Et qui a une polyvalence rare : milieu défensif, relayeur, offensif, ailier, piston, et même parfois attaquant, Merlin joue partout durant sa formation, et devient latéral gauche de fortune chez les pros parce qu'Antoine Kombouaré en est dépourvu dans son effectif.
"La pression marseillaise
va le stimuler, pas l'inhiber"
À l'été 2022, six mois après sa seule apparition en pro, il effectue la présaison avec les grands mais arrive en retard avant un déplacement : "C'était à cause d'embouteillages entre Pornic et Nantes, je lui avais dit que je n'étais pas content. Mais c'était un accident. Il avait joué le lendemain avec nous, il avait marqué et fait un super match", déroule Stéphane Ziani, entraîneur de la réserve. "Il est sérieux, attachant mais j'étais très exigeant avec lui parce qu'il avait le problème classique des joueurs talentueux, il avait tout eu facilement : le pied gauche, la lecture du jeu, la technique, le physique, le mouvement permanent... L'oeil était obligatoirement attiré par Quentin. Il fallait constamment le stimuler parce qu'on sentait qu'on pouvait le pousser plus loin. Il ne comprenait pas toujours et les gens autour du terrain non plus", se marre le champion de France 2001. Pour ceux qui l'ont formé, Merlin a tout pour s'imposer à l'OM : les qualités footballistiques, le mental, l'habitude de la pression d'un public de connaisseurs ou une faculté d'adaptation au-dessus de la moyenne... Mais combien de joueurs ont perdu leur aisance et leur confiance en eux en posant le pied à Marignane ?
Fénillat poursuit : "Pas grand-chose ne le stresse. Il ne perdait pas ses moyens, gardait sa maîtrise, et n'avait pas peur, même lors de ses premiers matches en pro. Sa personnalité et son assurance vont l'aider dans cette nouvelle étape, même si j'aurais aimé qu'il reste encore un peu à Nantes !" Stéphane Ziani est aussi convaincu : "La pression marseillaise va le stimuler, pas l'inhiber. C'est quelqu'un d'authentique et d'insouciant à la Vérétout ou Ribéry, ce caractère me fait penser qu'il va réussir à Marseille, un endroit où tu échoues si tu intellectualises trop les choses. Il ne faut pas oublier non plus que quand il s'impose avec Antoine (Kombouaré), ce dernier avait eu des mots durs sur les jeunes du club. Il avait en quelque sorte le poids de la formation à la nantaise sur les épaules. Il avait tout pour se déchirer, mais il a été bon."

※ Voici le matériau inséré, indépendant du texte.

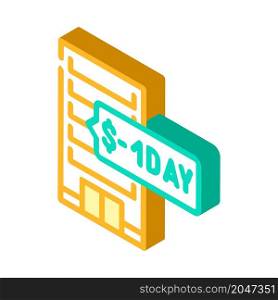 daily rent of housing isometric icon vector. daily rent of housing sign. isolated symbol illustration. daily rent of housing isometric icon vector illustration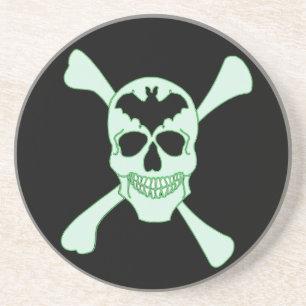 Untersetzer von grünen Schädeln und Knochen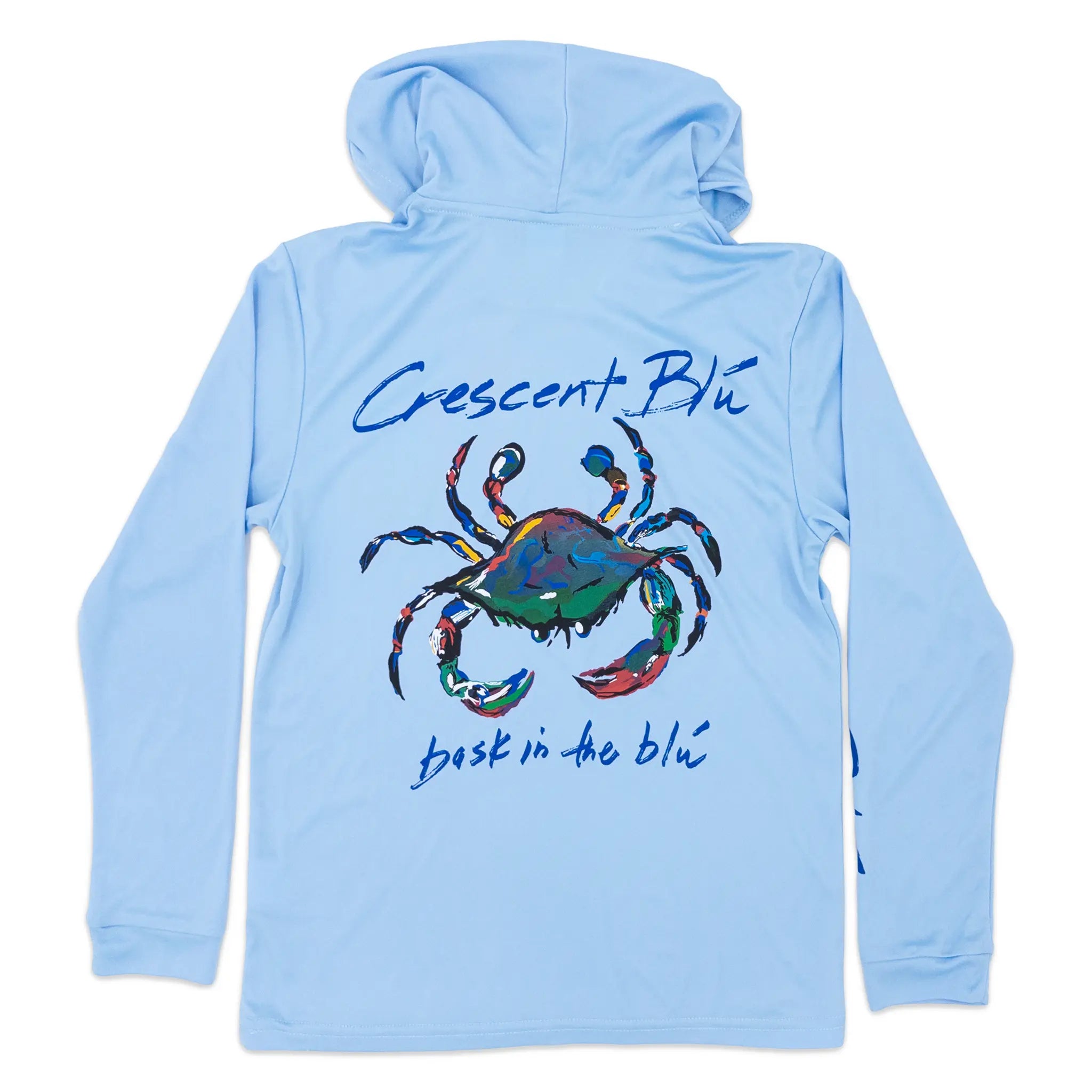 A light blue hooded long-sleeve shirt shown flat against a white background, featuring a colorful painted crab graphic on the back.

Loin de sa famille et de ses attaches du Pays de Retz, se fera-t-il à sa nouvelle vie ? "J'avais besoin de sortir de ma zone de confort pour me découvrir humainement. J'étais le chouchou à Nantes, là je vais vivre et continuer la vie seul", a-t-il déclaré lundi pour sa présentation. Quelques jours plus tôt, une fois le transfert quasiment bouclé, il avait fait un dernier tour de tous les bureaux administratifs et sportifs de La Jonelière pour dire merci et au revoir. Raymond Domenech était déjà loin depuis longtemps, mais c'est dans la banlieue de Lyon, sur les terres de son premier entraîneur chez les pros, qu'il enfilera pour la première fois son maillot de l'OM aujourd'hui. Et deviendra, dans le même temps, un joueur du dimanche soir, le créneau des braves et des chocs de Ligue 1, son nouvel univers. Le grand monde si proche et si loin des mercredis après-midi à taper dans le ballon avec ses copains du FC Goéland.